Le 14 août 2013, policiers et soldats mettaient un terme brutal à deux sit-in pacifiques de plus d'un mois réclamant le retour de M. Morsi au pouvoir. Invoquant le fait notamment que des manifestants cachaient des armes à Rabaa et Nahda, les policiers ont tué par balles --comme en a témoigné un journaliste de l'AFP durant l'assaut-- plus de 700 manifestants, selon un bilan reconnu plus tard par le gouvernement.

HRW parle de "massacre", "l'une des plus grandes tueries de manifestants en une seule journée dans l'Histoire récente" du monde, évoquant 817 morts seulement sur la place Rabaa.

Le pouvoir dirigé alors de facto par le général Sissi avait accusé les manifestants d'avoir ouvert le feu les premiers. Dix policiers ont péri à Rabaa selon Le Caire, 55 dans tout le pays.

Pour marquer ce premier anniversaire, une coalition pro-Morsi chapeautée par les Frères Musulmans, l'"Alliance contre le coup d'Etat", a appelé à manifester jeudi sous le slogan "Nous exigeons un châtiment."

Rabaa et Nahda a marqué le véritable début d'une impitoyable répression qui a fait, depuis, au moins 1.400 morts parmi les manifestants pro-Morsi.

Depuis la destitution de M. Morsi le 3 juillet 2013, plus de 15.000 Frères musulmans et sympathisants ont été emprisonnés. Des centaines ont été condamnés à mort dans des procès de masse expéditifs, qualifiés par l'ONU de "sans précédent dans l'Histoire récente".

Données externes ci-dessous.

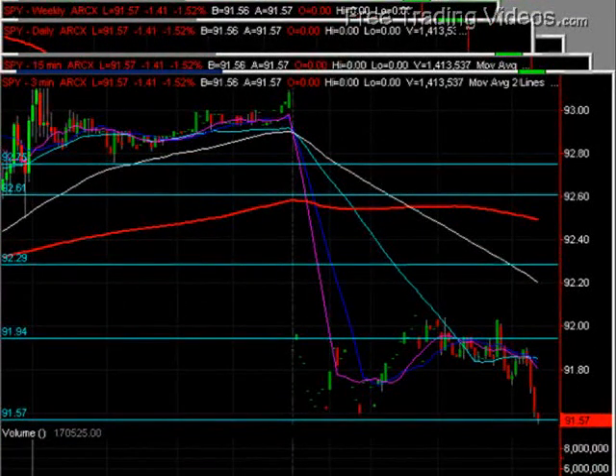Good morning, everybody. This is Matador from freetradingvideos.com. It is May 11, 2009. Nice to be with you this week. We're going to be running up into some, again, major overhead resistance.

La quasi-totalité des cadres des Frères musulmans ont été arrêtés et sont jugés, à l'instar de M. Morsi, dans des procès pour lesquels ils encourent ou ont été condamnés à la peine capitale.

En reprenant le pouvoir, l'armée avait invoqué les millions d'Egyptiens descendus dans la rue réclamer le départ de M. Morsi, devenu extrêmement impopulaire un an après son élection, accusé de vouloir accaparer les pouvoirs au profit des Frères, d'islamiser à marche forcée la société et de ruiner une économie déjà moribonde.

"Sissi a réussi à éliminer la plus grande partie de l'opposition", analyse James Dorsey, professeur à la S. Rajaratnam School of International Studies basée à Singapour. "Il opère dans un environnement où aucun média ne lui demande de comptes (...), donc il a pu consolider son pouvoir", ajoute-t-il.

Il faudrait "20 à 25 ans pour instaurer une vraie démocratie en Egypte", a déclaré sans fard M. Sissi lors de sa campagne électorale. Cette antienne est reprise par d'innombrables Egyptiens qui lui vouent un véritable culte, assurant que le pays ne peut être dirigé que par un "homme à poigne".